Information –
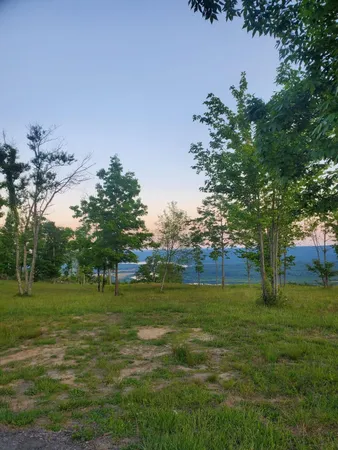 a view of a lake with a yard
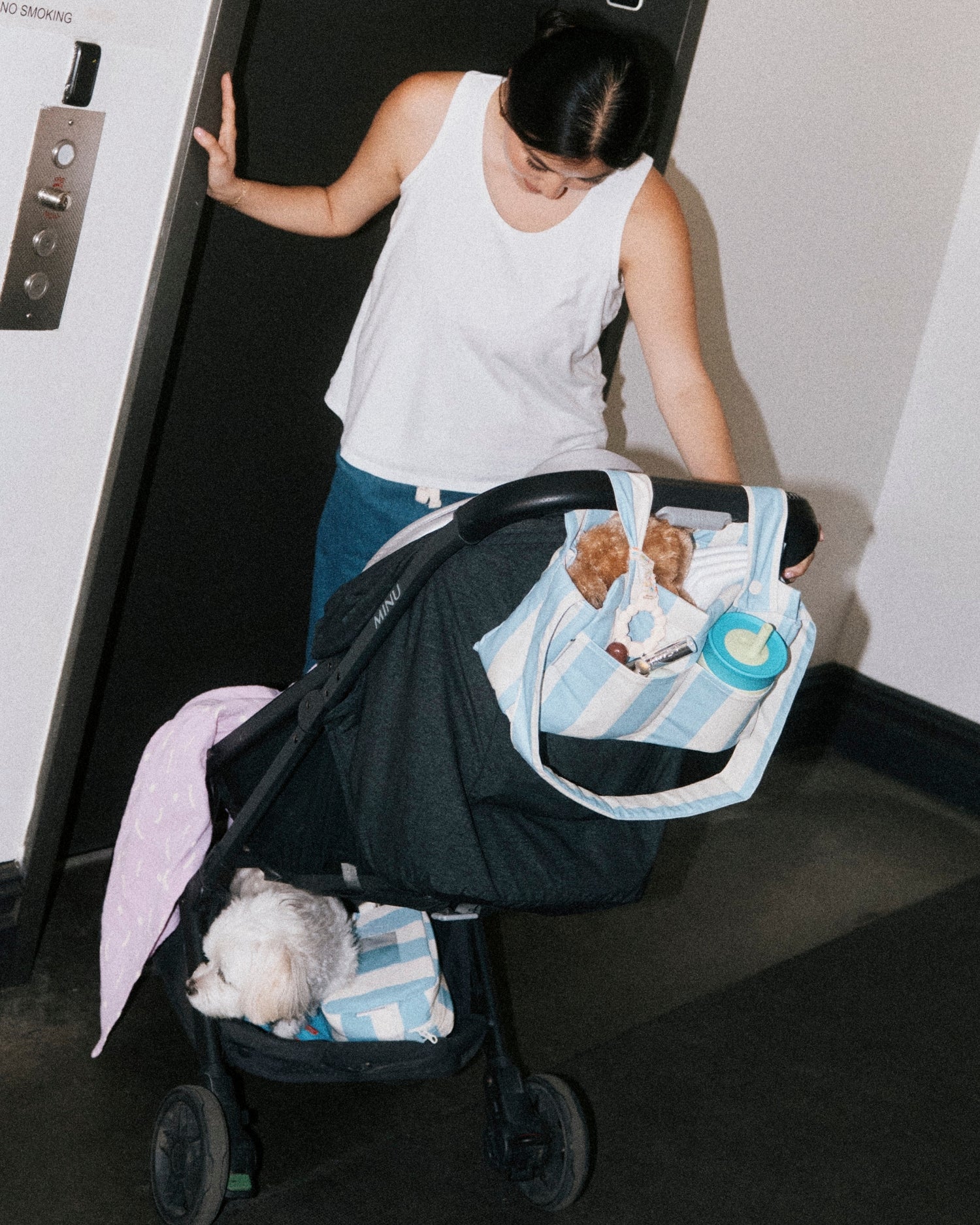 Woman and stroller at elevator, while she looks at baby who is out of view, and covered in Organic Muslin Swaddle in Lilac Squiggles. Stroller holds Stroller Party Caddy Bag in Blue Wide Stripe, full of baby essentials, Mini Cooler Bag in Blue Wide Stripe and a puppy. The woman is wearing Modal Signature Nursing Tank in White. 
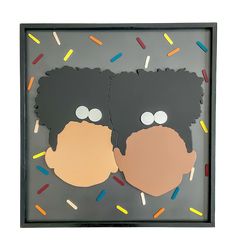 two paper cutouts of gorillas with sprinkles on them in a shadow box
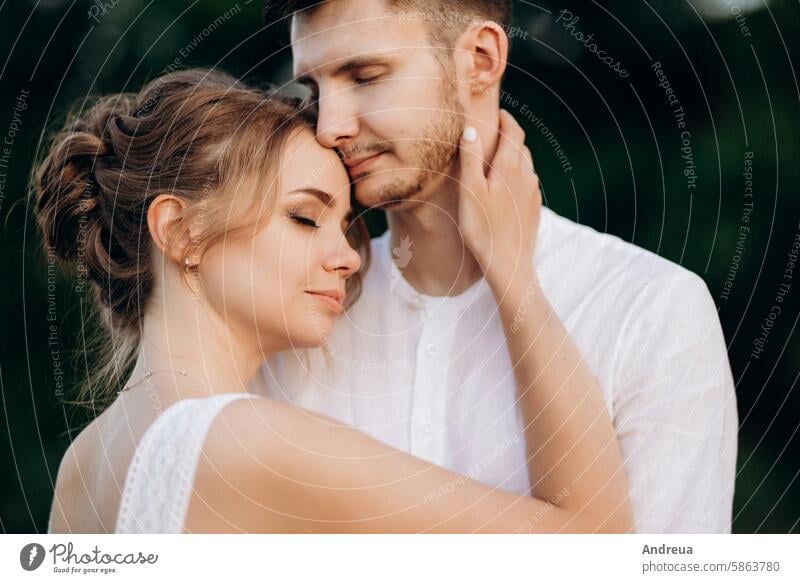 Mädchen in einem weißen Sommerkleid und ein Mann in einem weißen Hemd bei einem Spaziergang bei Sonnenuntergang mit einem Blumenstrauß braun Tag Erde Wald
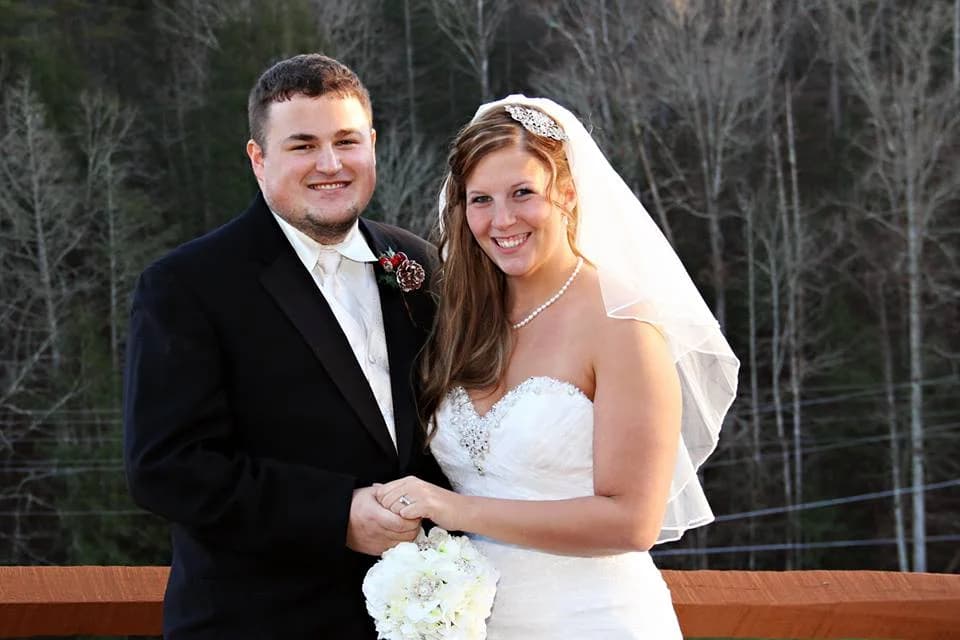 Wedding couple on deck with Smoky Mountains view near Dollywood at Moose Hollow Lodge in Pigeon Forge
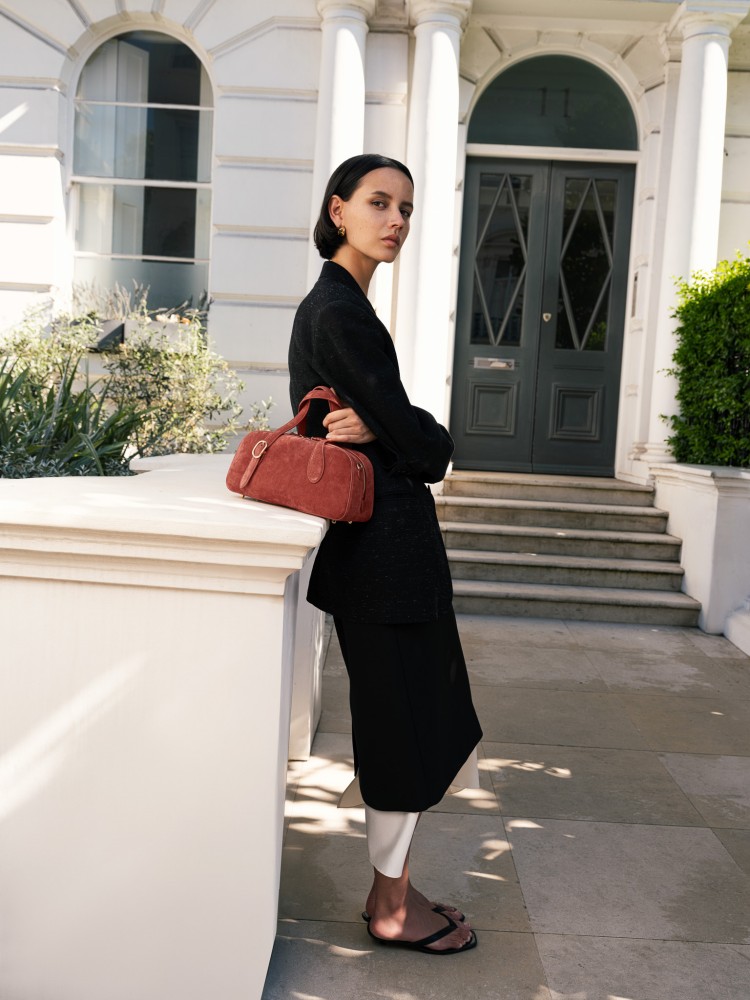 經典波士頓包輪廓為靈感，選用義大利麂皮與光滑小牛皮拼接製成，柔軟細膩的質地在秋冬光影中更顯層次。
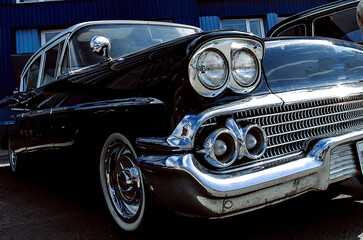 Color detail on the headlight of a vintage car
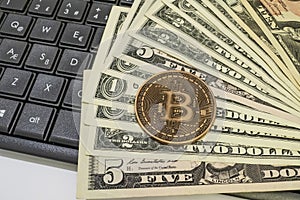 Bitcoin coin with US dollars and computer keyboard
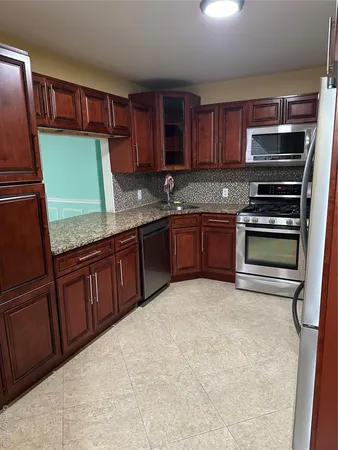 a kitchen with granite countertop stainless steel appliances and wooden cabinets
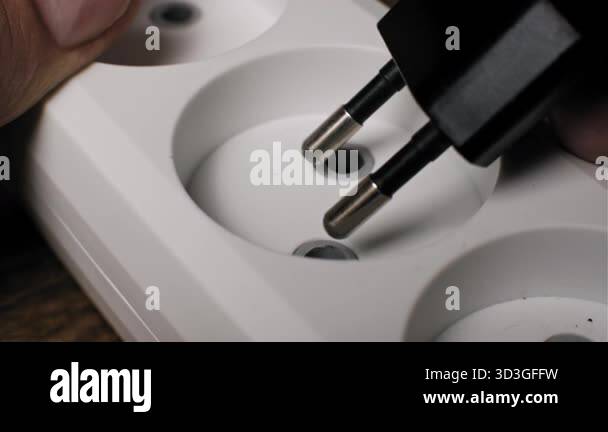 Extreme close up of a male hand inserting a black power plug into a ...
...
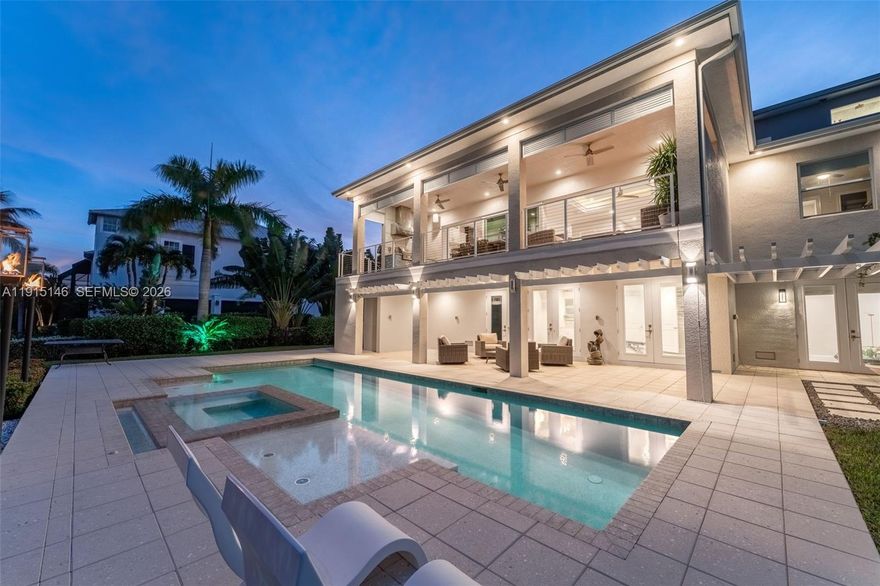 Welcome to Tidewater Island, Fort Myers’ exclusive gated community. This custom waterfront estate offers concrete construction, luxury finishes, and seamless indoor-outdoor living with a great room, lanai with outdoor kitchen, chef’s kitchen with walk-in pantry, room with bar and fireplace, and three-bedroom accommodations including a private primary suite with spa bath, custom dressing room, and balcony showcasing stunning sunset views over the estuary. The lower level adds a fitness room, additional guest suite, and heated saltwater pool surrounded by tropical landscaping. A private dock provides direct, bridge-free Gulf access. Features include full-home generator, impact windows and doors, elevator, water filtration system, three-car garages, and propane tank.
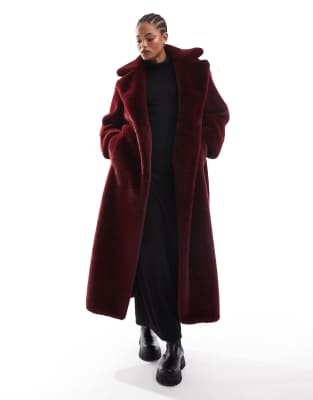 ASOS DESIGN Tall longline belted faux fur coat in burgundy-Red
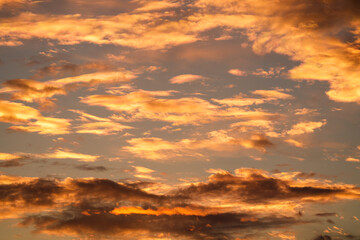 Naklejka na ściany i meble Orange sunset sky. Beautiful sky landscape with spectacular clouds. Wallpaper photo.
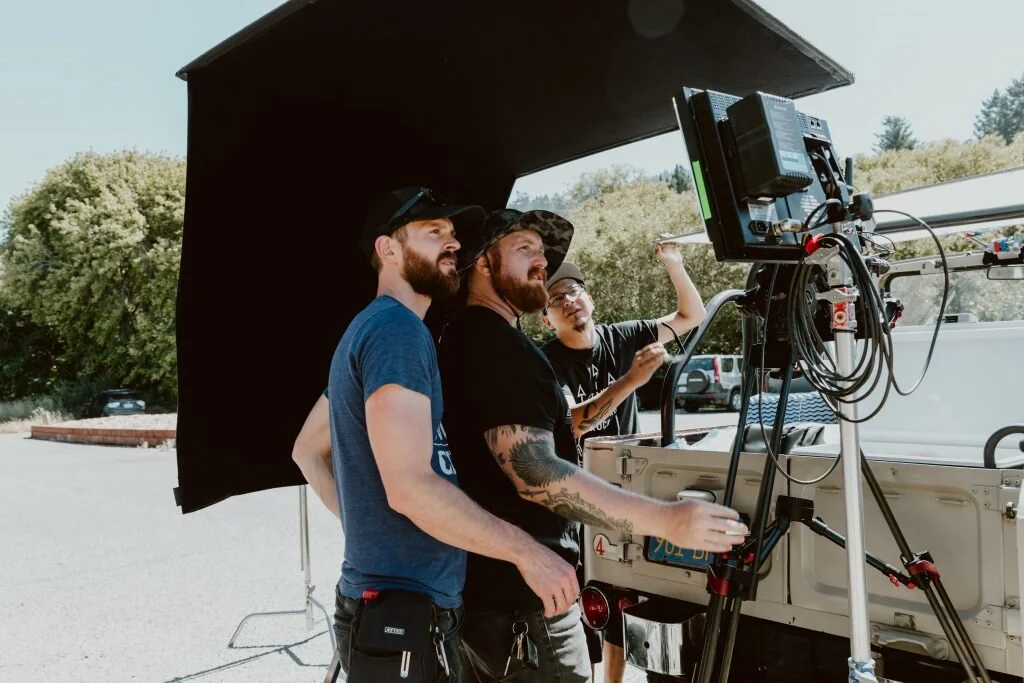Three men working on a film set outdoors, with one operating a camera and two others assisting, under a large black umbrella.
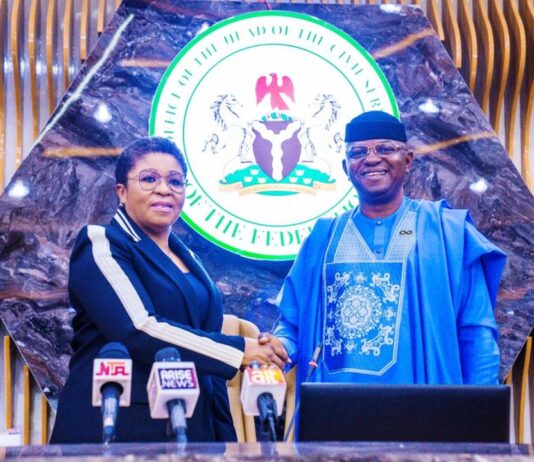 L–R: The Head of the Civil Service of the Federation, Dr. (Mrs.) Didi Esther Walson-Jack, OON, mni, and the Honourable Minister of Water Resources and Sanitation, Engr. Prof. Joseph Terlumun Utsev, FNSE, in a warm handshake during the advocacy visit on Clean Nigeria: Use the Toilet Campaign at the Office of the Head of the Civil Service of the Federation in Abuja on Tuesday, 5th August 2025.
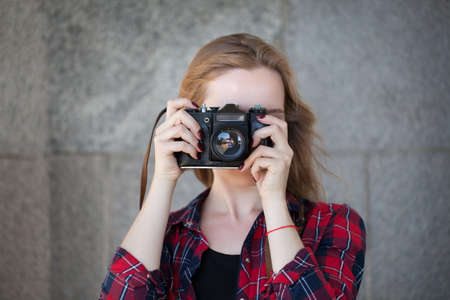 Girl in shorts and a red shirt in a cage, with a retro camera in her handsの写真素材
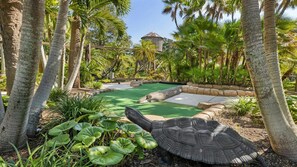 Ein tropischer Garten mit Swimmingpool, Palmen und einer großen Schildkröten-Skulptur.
* * *
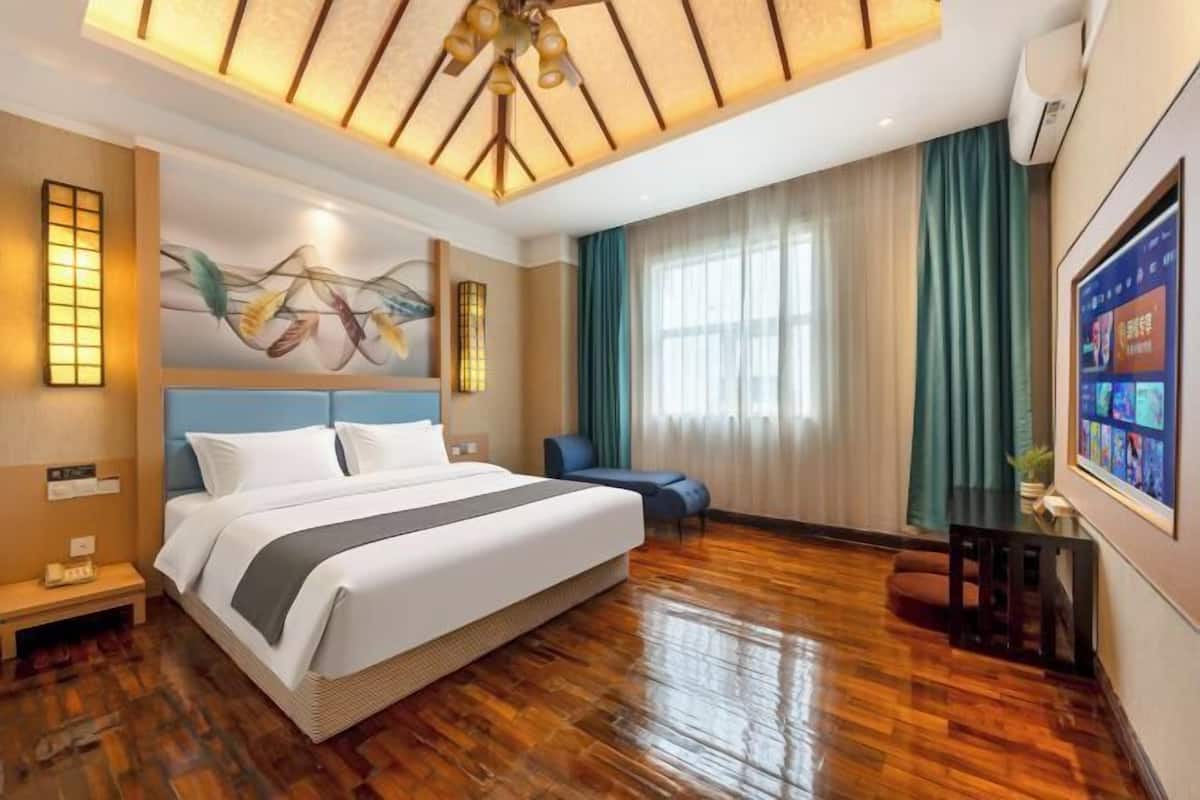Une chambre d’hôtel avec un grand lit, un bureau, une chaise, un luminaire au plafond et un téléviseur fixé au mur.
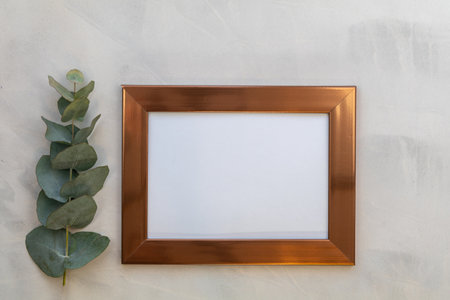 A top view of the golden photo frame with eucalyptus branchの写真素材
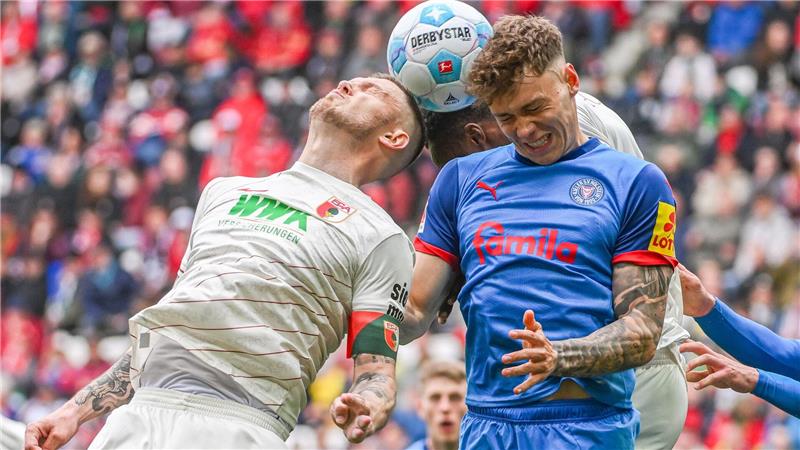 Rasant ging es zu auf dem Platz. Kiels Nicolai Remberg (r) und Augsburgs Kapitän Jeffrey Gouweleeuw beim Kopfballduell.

What the exercise asks –
Lines wanted from the entries above: the one with "Une chambre d’hôtel", the one with "Rasant ging es", and all lines between. Please copy them exactly, without the pictures and without anything else.

Task response –
Une chambre d’hôtel avec un grand lit, un bureau, une chaise, un luminaire au plafond et un téléviseur fixé au mur.
 A top view of the golden photo frame with eucalyptus branchの写真素材
 Rasant ging es zu auf dem Platz. Kiels Nicolai Remberg (r) und Augsburgs Kapitän Jeffrey Gouweleeuw beim Kopfballduell.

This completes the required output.